These are dark times we’ve living in, and that is not an overstatement. No matter your personal neck of the woods or quarantine bubble, there is more suffering on a global scale now than in any time since the Great Depression. From a terrible pandemic to resulting economic woes and record unemployment, the real world is a dumpster fire at the moment, rife with greed, corruption, and inadequate or non-existent leadership. It’s no wonder Netflix’s Eurovision Song Contest: The Story of Fire Saga is quickly amassing an online fan club around the world. Even more than usual, we’re in desperate need of light, frothy entertainment that won’t remind us of what’s lurking outside our homes, our perilous bubbles. Eurovision is possibly Will Ferrell’s best effort since Step Brothers, a successful return to big, broad studio comedy by Wedding Crashers director David Dobkin, and exactly what we need in these trying times.

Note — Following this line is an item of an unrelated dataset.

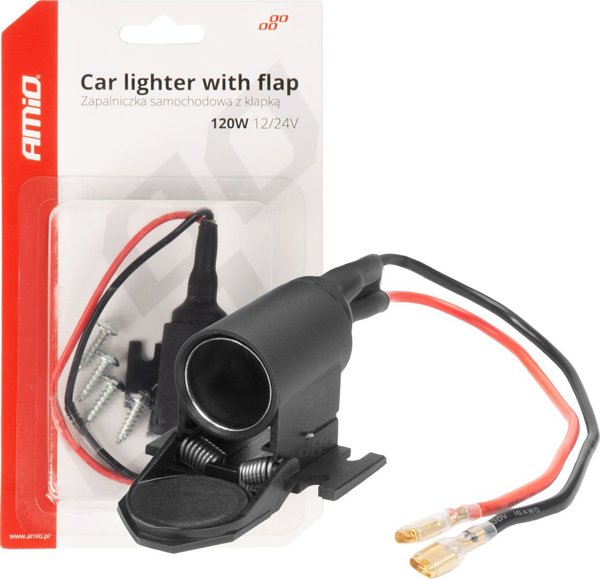Αναπτήρας Αυτοκινήτου με Καπάκι 12V/24V Amio-04128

As an American I had next to zero knowledge of the annual Eurovision Song Contest. For us, it’s sometimes “out of country, out of mind,” and given our collective ineligibility (not to mention the ubiquity of singing contests on television over the last twenty years) and an obnoxious sense of American exceptionalism, it’s really no surprise the contest never gained a foothold in the States. All of this is to say that I in no way can comment on the accuracy or parody contained herein. What I can say is that it’s only sporadically funny, but unexpectedly moving and involving in ways I could not have forecast at the halfway mark of this picture. Ferrell is relatively subdued as Lars, an Icelandic wannabe singer who, alongside his friend and potential mate Sigrit (Rachel McAdams), has dreamt of winning the Eurovision contest since he was a wee child. They’re both living with widowed parents, struggling with mid-life crises, and have almost lost hope of ever making it to the big show. Sigrit’s mother thinks her daughter too good for the bumbling Lars, and Lars’ father (Pierce Brosnan) is fed up with his son’s foolhardy dreams. Sure enough, Sigrit is a much better singer and Lars is a sympathetic if no less toxic ball of insecurity. As fate would have it though, the laughing stock of Iceland make it to the contest, and thus ensues a free-wheeling tribute to Europe’s premier competition show and a genuinely invigorating exercise in truly escapist entertainment.
Eurovision wouldn’t be remotely as endearing were it not for a number of inspired performances and musical sequences. Dan Stevens nearly steals the show as a famous Russian pop singer with a secret, the would-be villain who’s really anything but and simply very lonely on the touring road. His solo Lion of Love is an amusing sideshow of excess and pomposity, and Stevens lights up the screen as he sashays around in open-breasted designer suits and robes. However, as good as it is, that solo pales in comparison to an epic “song-along” sequence set in his character’s ornate mansion nearly an hour into the movie. Corralling an assortment of previous Eurovision winners and contestants, all European stars of course, the set piece is expertly staged, shot, and choreographed, and really lets you know that Dobkin is attempting more here than mere easy laughs and eccentric buffoonery. Also evocative and unexpectedly moving as well is Lars and Sigrit’s final performance for the Eurovision audience, a nail-biter of a number to determine who will win the whole contest, and with McAdams front and center.
As Lars’ other half, McAdams confirms herself as one of today’s best working comedic actresses alongside Rose Byrne, Tiffany Haddish, and Anna Kendrick. While some of the bigger moments belong to lip syncing via Swedish singer Molly Sanden, she holds her own in her own voice for many a musical number and provides a welcome spunk and relatable warmth that you don’t get from Ferrell’s goofy near-caricature. It’s clear based on the film’s moving climax that Ferrell could see the forest for the trees too, as the plot hinges on Lars learning to take a backseat to the more talented Sigrit. The heart of the film lays in their obvious, flawed, but somehow likable will-they-or-won’t-they relationship. Call it Ferrell’s Wedding Singer or simply the next in a long line of Adam McKay collaborations (he serves as producer once again), but it works. No matter the moniker, no matter the mixed reviews, Eurovision will go down as a brief ray of light amid so much darkness, and one of Ferrell’s best movies. Back in the day, curmudgeonly critics were ho-hum on Step Brothers too, and we know how that turned out. His latest will age well in the annals of kooky star-studded musical comedies.
Grade: B+
It’s good timing for this movie, the lightest of confections for a dark time, I loved it, Jaja Ding Dong!